The federal government will size up Wilton for Sydney's second airport, despite opposition from NSW Premier Barry O’Farrell to any such airport within the Sydney basin.
Federal Transport Minister Anthony Albanese says the government will begin a "detailed investigation into the suitability of Wilton", located on the outer south-western fringe of Sydney, with preliminary economic, social and environmental studies into the site's viability for an international airport to relieve pressure from Mascot's Kingsford-Smith airport.
"The government is committed to increasing Sydney's aviation capacity in a bipartisan and consultative manner," Mr Albanese said in a statement today, warning that "the economic cost of doing nothing is substantial."
According to the statement, the federal government will:
- Make sure that the Sydney Airport Corporation Limited develops a strategy to invest in terminal, apron, taxiway and other improvements to operate Sydney Airport to maximum efficiency
- Work with the NSW Government to develop a long-term plan to meet projected demand on the road and rail networks servicing Sydney Airport; and
- Assess the scope and consequences of utilising RAAF Base Richmond for limited civil operations, including consideration of social, economic and environmental impacts.

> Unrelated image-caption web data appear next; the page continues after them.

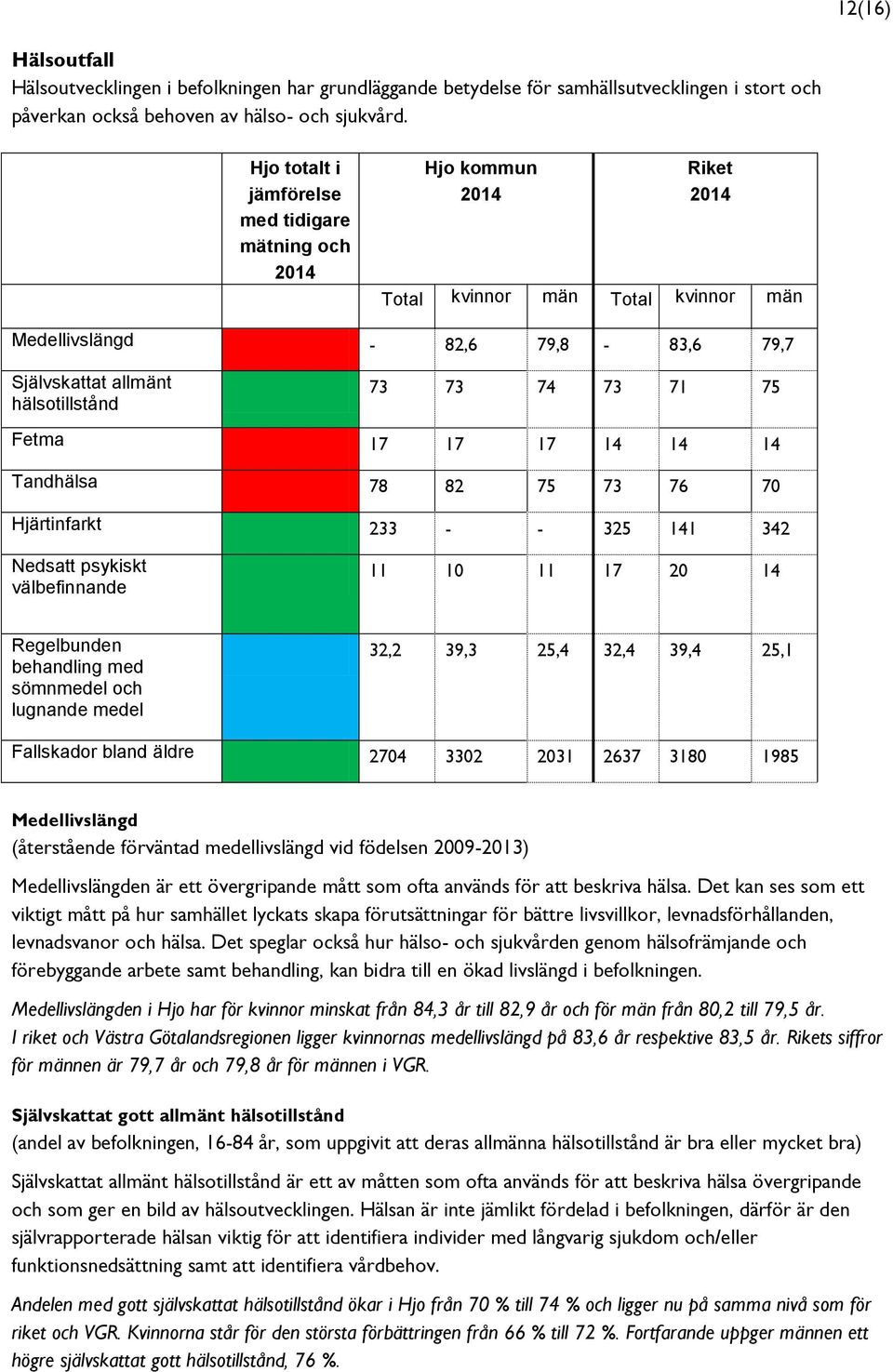 73 71 75 Fetma 17 17 17 14 14 14 Tandhälsa 78 82 75 73 76 70 Hjärtinfarkt 233 - - 325 141 342 Nedsatt psykiskt välbefinnande 11 10 11 17 20 14 Regelbunden behandling med sömnmedel och lugnande medel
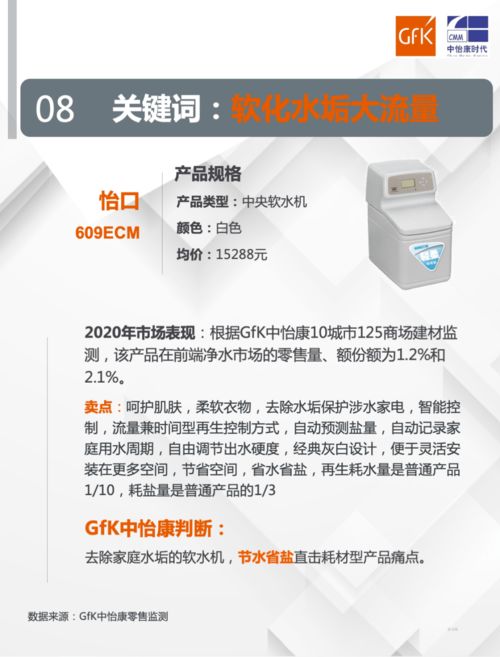 2020年家电十大系列报告 环境电器与个人护理电器发展趋势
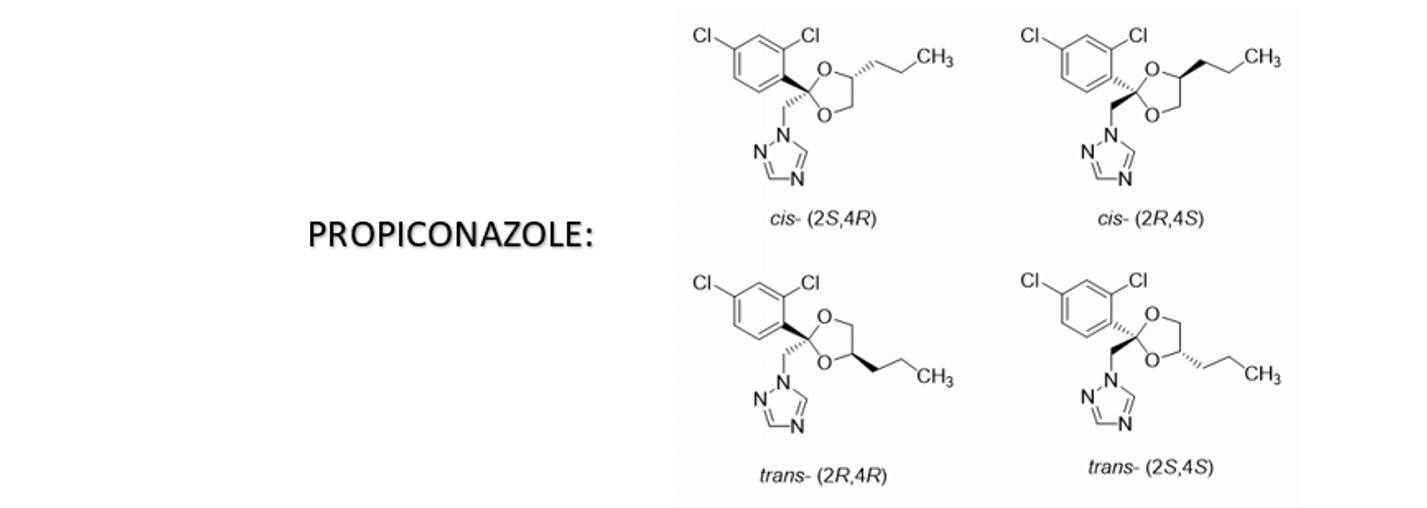 Propiconazole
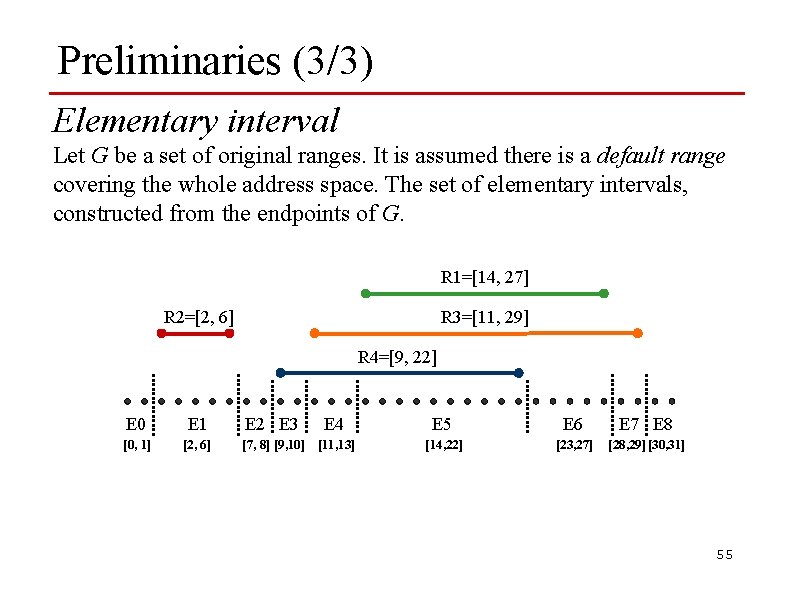 Preliminaries (3/3) Elementary interval Let G be a set of original ranges. It is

Albanese has also flagged his intent to push on by citing a "first right of refusal clause in the Sydney Airport Share Sale Act'.

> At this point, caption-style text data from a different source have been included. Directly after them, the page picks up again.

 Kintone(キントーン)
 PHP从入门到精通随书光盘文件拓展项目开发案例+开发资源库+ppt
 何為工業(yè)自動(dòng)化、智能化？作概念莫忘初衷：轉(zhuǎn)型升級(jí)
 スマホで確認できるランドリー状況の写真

This affords the Sydney Airport Corporation – owners of the privatised Sydney airport – with the options to either develop the second Sydney Airport itself or allow another competing body to do so.
NSW Premier Barry O'Farrell has consistently and controversially rejected calls for a second Sydney airport, in preference to an expanded role for Canberra Airport with a high-speed rail link running between Sydney and Canberra.